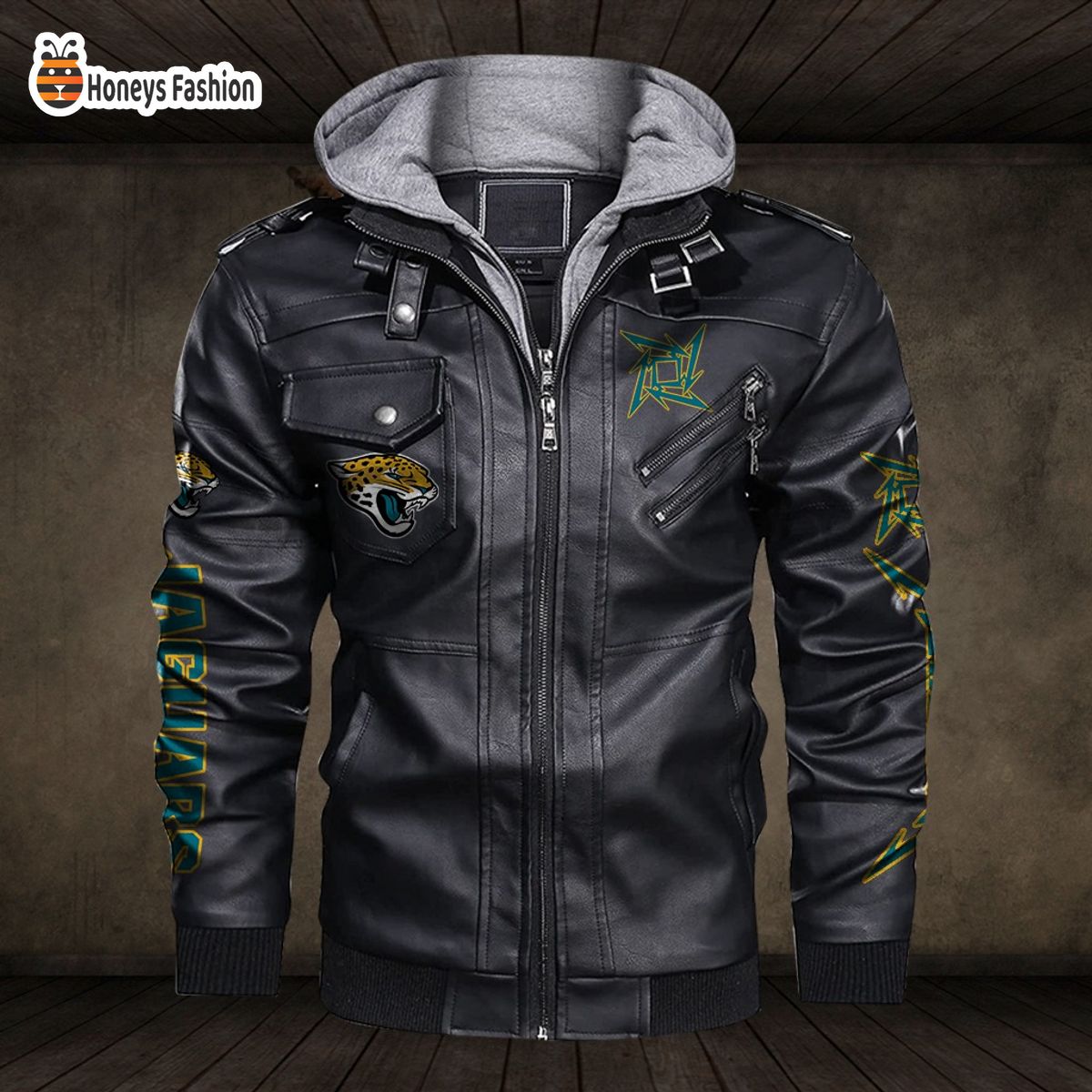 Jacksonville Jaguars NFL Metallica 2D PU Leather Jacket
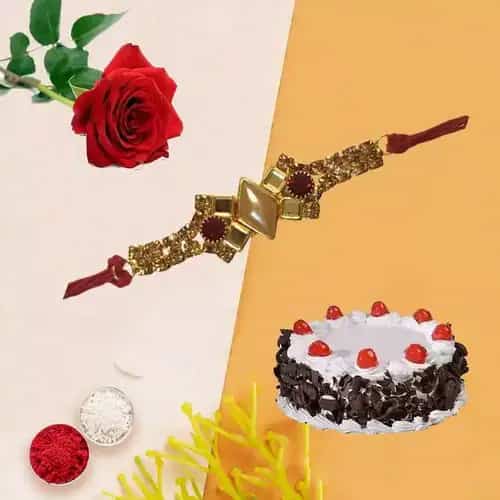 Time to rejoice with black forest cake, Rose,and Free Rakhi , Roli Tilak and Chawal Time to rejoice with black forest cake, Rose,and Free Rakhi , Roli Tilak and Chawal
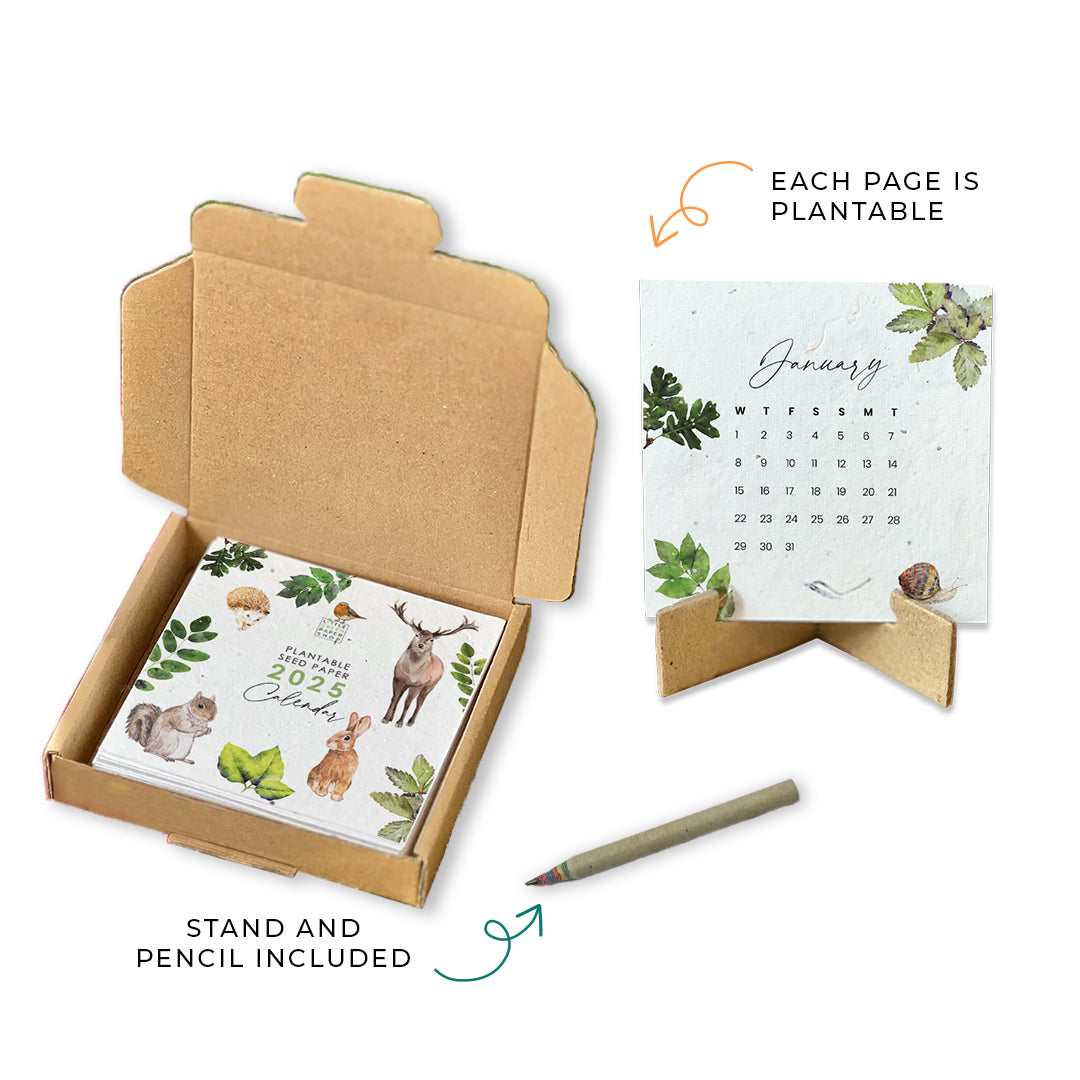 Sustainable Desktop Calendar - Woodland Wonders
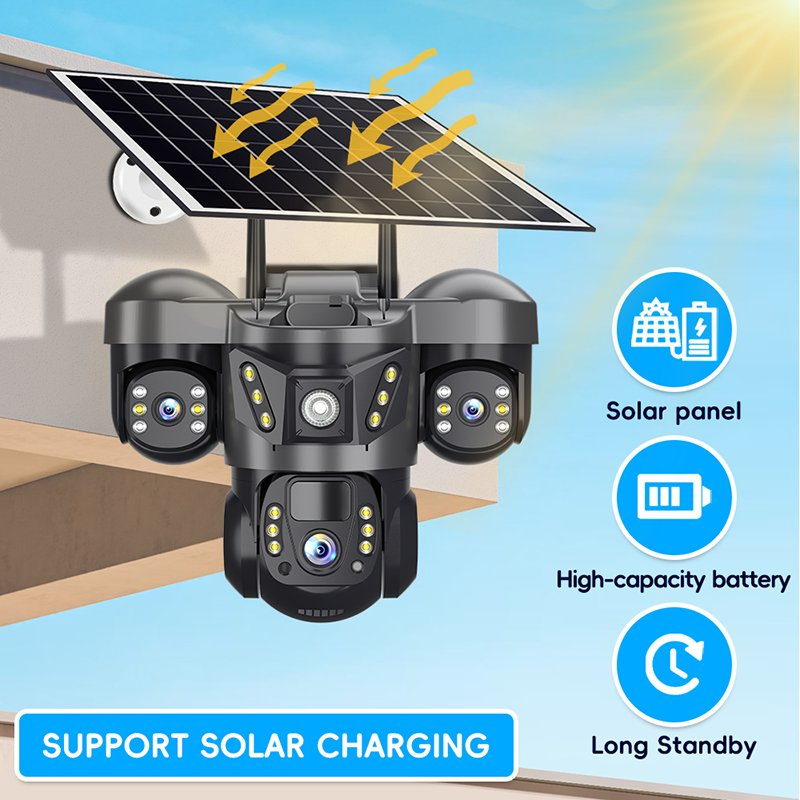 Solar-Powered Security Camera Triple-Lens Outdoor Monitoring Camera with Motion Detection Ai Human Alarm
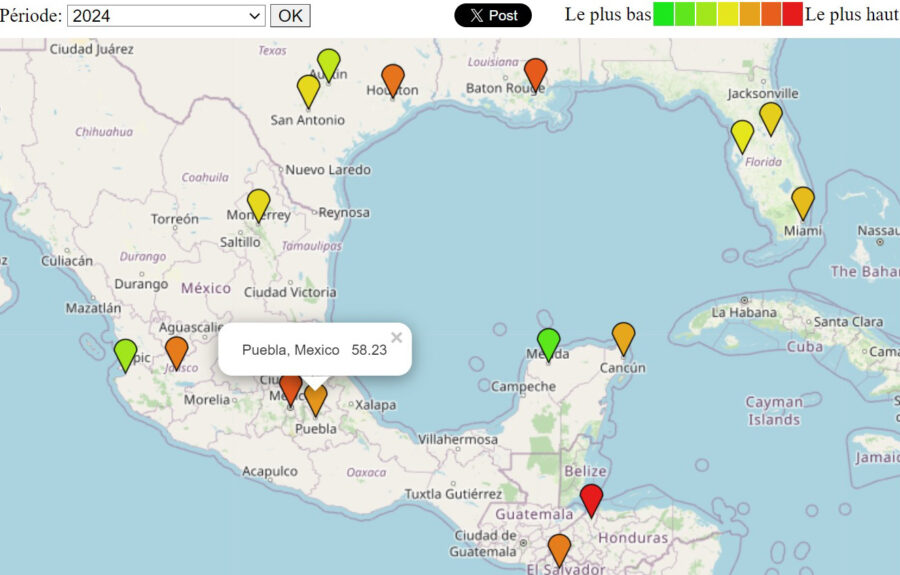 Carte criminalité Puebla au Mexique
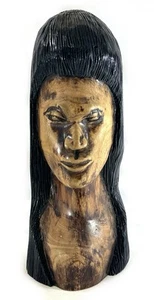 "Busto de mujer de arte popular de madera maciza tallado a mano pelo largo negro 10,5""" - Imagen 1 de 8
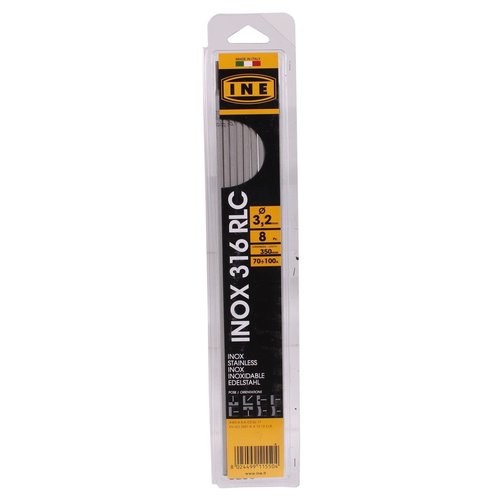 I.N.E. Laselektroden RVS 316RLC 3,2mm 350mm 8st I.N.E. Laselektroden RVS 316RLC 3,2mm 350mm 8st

****************

Exercise brief: Your reply should consist solely of the lines from the one containing "Sustainable Desktop Calendar" through the last line of the material, reproduced exactly and without pictures.

Response to the task:
 Sustainable Desktop Calendar - Woodland Wonders
 Solar-Powered Security Camera Triple-Lens Outdoor Monitoring Camera with Motion Detection Ai Human Alarm
 Carte criminalité Puebla au Mexique
 "Busto de mujer de arte popular de madera maciza tallado a mano pelo largo negro 10,5""" - Imagen 1 de 8
 I.N.E. Laselektroden RVS 316RLC 3,2mm 350mm 8st I.N.E. Laselektroden RVS 316RLC 3,2mm 350mm 8st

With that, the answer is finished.